En los últimos años ha sido presidente ejecutivo de Alcsa, una mega empresa del sector agroindustrial. Hoy José Antonio Corrales comparte estos tips para emprendedores.

Por: Redacción Revisa Win

Tomar riesgos. Lo emprendimientos que llegan a tener éxito a largo plazo, son aquellos en los cuales hubo un emprendedor que tomó riesgos, sin embargo no se deben tomar riesgos alocados o a la carrera, los riesgos deben ser continuos y mesurados.

Mi papá me decía: si vas a subir una escalera brincando cinco escalones de un solo, te podés caer para atrás y te podés matar, pero si vas subiendo uno por uno vas a llegar allá arriba.

No poner en riesgo todo el capital. A mi padre le aprendí tantas cosas, recuerdo que siempre me decía: “Nunca vayás a cometer la tontería de hacer una inversión en la que metás el todo por el todo, porque si te va mal ponés en riesgo todo lo que ya construiste”, hay que saber invertir, saber “apostar”, los negocios son inciertos e inestables, por ello hay que ser prudentes a la hora de invertir nuestro capital.

Dirección establecida. El mundo de los negocios está en constante cambio, casi que de la noche a la mañana hay cambios tan sorprendetes. Hoy estamos con un aplicación y mañana ya estamos en otra; por ello debemos ir acoplándonos a esos cambios para que no nos rebasen, y lo más importante, debemos darle sentido a los cambios que sufre nuestro giro de negocio.

Innovar. Cuando hablamos de innovación siempre se nos viene a la mente una idea tecnológica o una aplicación; debemos quitarnos el estigma de que para innovar hay que hacer algo que mueva las bases totales del mercado; es fabuloso si lo podemos lograr, pero no te podés paralizar esperando hacer ese «gran invento». Innovar es mejorar el servico, las líneas de producción, los sistemas, etc.  Hay que innovar pero siempre con una dirección establecida.

No enamorarse de una idea. Siempre debemos estar innovando y produciendo ideas, sin embargo donde fallan muchos emprendedores y empresarios es cuando se enamoran de una idea, pensando que esa idea va a cambiar el mundo y que si la dejamos ir, alguien más se hará millonario con ella.

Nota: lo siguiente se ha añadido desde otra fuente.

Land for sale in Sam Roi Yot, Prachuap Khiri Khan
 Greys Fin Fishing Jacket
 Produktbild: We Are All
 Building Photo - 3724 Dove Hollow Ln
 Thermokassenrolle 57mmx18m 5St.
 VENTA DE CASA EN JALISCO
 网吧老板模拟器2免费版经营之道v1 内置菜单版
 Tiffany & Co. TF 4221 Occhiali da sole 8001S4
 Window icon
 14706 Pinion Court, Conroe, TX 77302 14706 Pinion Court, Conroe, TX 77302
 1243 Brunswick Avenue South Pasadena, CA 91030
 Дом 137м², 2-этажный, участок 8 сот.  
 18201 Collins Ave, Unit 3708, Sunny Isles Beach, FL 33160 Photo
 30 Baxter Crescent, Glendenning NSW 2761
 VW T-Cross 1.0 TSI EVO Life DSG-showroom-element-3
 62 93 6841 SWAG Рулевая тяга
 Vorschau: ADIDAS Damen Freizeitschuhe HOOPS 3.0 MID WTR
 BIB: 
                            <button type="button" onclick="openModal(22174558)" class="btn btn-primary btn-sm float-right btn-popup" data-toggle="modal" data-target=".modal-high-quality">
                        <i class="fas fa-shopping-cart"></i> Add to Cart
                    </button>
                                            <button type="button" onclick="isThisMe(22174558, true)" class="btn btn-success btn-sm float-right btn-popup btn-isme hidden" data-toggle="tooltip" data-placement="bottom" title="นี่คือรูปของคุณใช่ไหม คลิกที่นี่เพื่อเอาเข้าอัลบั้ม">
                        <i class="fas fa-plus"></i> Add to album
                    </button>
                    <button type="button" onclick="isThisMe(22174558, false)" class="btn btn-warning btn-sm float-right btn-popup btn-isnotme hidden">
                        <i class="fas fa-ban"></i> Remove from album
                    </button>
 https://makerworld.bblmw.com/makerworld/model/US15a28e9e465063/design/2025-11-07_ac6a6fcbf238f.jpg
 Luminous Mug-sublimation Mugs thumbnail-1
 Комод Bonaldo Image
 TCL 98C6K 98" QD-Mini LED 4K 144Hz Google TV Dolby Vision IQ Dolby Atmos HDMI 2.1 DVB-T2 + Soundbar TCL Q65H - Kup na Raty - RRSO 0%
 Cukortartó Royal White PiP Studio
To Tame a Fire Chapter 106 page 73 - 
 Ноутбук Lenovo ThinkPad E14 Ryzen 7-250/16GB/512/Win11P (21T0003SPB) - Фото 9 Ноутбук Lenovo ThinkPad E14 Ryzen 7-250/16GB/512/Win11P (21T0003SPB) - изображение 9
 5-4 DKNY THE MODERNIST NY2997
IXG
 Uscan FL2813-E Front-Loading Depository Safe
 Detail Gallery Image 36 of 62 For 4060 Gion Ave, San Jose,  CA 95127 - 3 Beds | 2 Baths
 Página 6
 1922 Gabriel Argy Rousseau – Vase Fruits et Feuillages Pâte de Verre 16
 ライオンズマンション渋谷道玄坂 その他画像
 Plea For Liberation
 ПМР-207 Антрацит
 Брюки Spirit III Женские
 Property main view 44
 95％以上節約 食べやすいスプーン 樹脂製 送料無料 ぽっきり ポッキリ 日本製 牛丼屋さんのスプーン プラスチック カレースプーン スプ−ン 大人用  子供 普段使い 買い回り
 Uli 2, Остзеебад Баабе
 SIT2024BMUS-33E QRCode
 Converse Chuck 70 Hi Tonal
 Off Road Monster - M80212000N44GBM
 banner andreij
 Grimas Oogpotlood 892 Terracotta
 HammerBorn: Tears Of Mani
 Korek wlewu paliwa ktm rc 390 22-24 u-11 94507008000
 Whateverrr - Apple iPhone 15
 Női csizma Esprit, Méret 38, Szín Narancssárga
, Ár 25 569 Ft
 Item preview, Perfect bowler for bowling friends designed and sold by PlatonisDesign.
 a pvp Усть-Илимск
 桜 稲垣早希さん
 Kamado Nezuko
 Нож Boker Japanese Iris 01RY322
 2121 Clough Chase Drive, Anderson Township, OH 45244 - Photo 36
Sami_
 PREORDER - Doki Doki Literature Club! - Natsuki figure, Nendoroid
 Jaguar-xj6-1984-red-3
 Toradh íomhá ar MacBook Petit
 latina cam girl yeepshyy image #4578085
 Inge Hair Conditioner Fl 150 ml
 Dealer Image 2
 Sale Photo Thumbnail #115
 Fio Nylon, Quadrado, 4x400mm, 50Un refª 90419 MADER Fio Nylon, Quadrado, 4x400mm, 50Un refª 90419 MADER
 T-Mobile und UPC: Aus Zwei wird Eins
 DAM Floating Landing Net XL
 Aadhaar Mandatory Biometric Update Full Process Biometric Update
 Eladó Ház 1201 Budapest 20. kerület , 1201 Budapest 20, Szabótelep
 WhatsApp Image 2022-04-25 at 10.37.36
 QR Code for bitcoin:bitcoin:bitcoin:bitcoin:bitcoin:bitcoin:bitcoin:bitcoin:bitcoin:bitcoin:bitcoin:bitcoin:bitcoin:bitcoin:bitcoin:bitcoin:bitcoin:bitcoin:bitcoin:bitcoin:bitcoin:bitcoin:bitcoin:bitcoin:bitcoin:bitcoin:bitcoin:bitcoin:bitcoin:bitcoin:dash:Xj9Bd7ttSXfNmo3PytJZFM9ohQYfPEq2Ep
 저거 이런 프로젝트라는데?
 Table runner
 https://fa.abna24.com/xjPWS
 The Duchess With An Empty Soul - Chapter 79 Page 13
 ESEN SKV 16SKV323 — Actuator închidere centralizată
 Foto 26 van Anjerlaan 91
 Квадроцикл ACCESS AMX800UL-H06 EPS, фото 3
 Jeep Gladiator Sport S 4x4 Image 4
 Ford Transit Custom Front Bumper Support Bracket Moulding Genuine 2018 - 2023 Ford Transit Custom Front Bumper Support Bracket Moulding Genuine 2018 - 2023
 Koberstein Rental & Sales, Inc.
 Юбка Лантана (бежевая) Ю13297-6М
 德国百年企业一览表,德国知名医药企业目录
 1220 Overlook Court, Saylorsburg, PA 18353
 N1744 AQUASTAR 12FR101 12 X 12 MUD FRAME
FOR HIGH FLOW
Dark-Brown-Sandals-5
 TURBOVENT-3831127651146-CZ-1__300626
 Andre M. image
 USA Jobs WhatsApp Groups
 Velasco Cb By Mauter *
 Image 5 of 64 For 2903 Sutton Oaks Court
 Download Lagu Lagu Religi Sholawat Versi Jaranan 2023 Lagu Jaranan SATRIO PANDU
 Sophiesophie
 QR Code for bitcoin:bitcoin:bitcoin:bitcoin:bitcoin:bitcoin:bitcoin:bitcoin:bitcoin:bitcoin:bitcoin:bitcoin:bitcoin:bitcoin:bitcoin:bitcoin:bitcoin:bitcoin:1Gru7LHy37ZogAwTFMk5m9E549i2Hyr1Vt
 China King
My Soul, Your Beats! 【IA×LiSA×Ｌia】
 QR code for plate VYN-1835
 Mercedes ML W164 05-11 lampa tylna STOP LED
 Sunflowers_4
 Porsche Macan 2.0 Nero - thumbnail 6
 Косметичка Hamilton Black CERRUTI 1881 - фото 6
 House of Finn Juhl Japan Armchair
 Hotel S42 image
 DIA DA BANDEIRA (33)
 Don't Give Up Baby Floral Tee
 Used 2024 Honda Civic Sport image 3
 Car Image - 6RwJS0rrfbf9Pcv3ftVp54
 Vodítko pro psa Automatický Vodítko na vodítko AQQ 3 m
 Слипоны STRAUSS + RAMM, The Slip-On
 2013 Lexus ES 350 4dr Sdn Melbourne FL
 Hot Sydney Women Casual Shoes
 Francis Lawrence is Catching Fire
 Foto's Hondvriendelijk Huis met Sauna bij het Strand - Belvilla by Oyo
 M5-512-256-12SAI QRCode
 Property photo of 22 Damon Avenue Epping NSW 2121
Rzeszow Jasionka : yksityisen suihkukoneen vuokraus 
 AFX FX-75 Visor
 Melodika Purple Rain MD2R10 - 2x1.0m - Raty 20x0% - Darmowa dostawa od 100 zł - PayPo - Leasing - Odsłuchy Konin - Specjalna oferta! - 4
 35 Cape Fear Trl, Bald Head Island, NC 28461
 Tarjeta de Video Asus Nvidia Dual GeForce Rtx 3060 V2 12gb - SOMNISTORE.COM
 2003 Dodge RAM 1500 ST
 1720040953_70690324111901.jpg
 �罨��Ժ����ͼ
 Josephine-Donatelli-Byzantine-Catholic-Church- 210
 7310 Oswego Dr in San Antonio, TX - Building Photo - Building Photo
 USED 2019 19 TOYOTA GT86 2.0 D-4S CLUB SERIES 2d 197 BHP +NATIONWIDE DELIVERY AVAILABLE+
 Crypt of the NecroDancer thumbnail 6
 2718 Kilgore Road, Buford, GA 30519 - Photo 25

Muchas veces eso detiene el progreso de una startup. Como hombres de negocios debemos tener la frialdad de no enamorarse de algo y retenerlo más del tiempo que se debería.

No descuidarse. Cuando uno se encuentra en una posición de éxito, y la empresa ya empieza a caminar sola hasta cierto punto, no hay que bajar la guardia. Debemos seguir creciendo, invirtiéndole nuestro tiempo y esfuerzo, hasta ser fuertes y consolidarnos en el mercado.

Si tu empresa ya está generando utilidades, no pienses que ya llegaste, la competencia te puede alcanzar. Hay que tener constante inversión, constante innovación y enfoque en el negocio.